Honda’s marketing budget is higher this year, Accavitti said, without elaborating.
“We’ll have the resources we need,” he said. The executive is based in Torrance, California, where Honda has its U.S. headquarters.
This year’s National Football League championship match between the New York Giants and New England Patriots may draw as many as 115 million viewers, potentially the largest U.S. television audience in history, Adgate said.
Comcast Corp.’s NBC has sold out its advertising spots for the game, getting as much as $4 million per slot, according to Chris McCloskey, a spokesman for NBC Sports.
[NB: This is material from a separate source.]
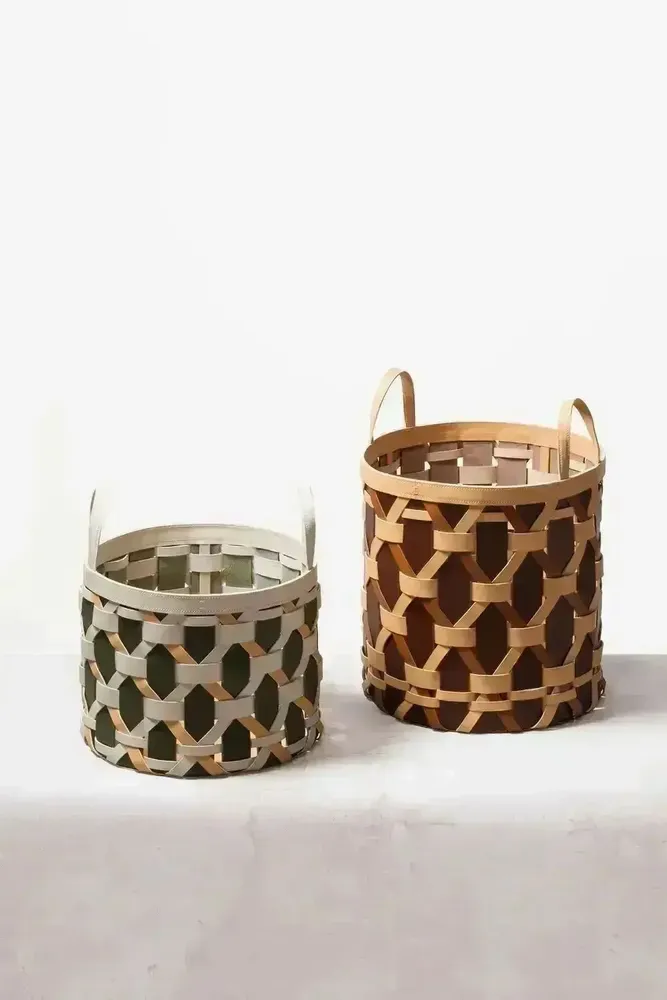 Décorations pour tables de Noël - Produit 13 - ILARIA.I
The average 30-second ad for the game in Indianapolis sold for $3.5 million, he said.
Honda’s Accavitti declined to say how much the Tokyo-based company spent to make its new ads and is paying to air them.
The ad based on “Ferris Bueller’s Day Off” emphasizes the “youthful” nature of Honda vehicles, and the brand’s traditional attributes of “clean, safe and fun,” Accavitti said.
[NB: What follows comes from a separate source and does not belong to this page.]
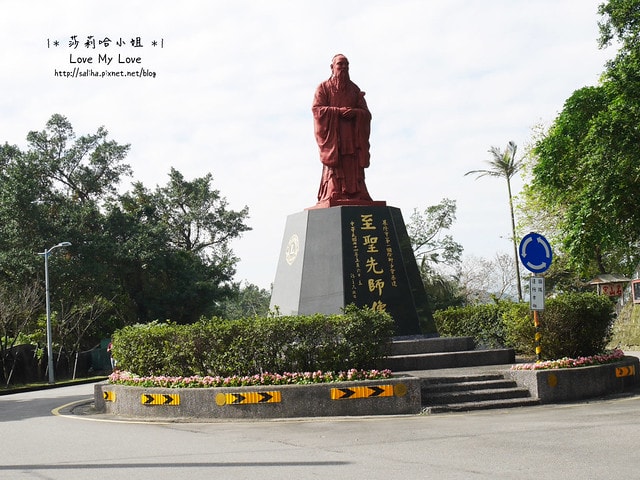20250524-eq4wu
Broderick, who turns 50 in March, in the commercial fakes being sick to take a break from filming a movie, similar to the film where Ferris Bueller plays hooky from high school.
The Broderick spot has been criticized on the Internet. A parody titled “Save Ferris From Honda” was uploaded to Google Inc.’s YouTube, where somebody playing the actor accuses him of selling out. Enough Twitter.com users have attacked the ad that there’s a hashtag, or keyword for grouping posts, of #saveferris.
The competition for the NSX in the Seinfeld commercial promotes the “got-to-have-it quality we want people to associate with Acura,” Accavitti said. Honda has said the NSX will go on sale within three years.
While the ads are intended to get attention during the Super Bowl, they’ll run more heavily on Honda’s website and in lower-cost Internet promotions, Accavitti said.
An extended 2:26 version of the Broderick ad uploaded Jan. 26 by Honda to YouTube drew 10.3 million views at 4:30 p.m. New York time today while a 1:52 version of the Seinfeld-Leno ad uploaded Jan. 30 had 10.8 million views.
“By the time this campaign is over, we may have had over a billion viewings across all formats,” Accavitti said.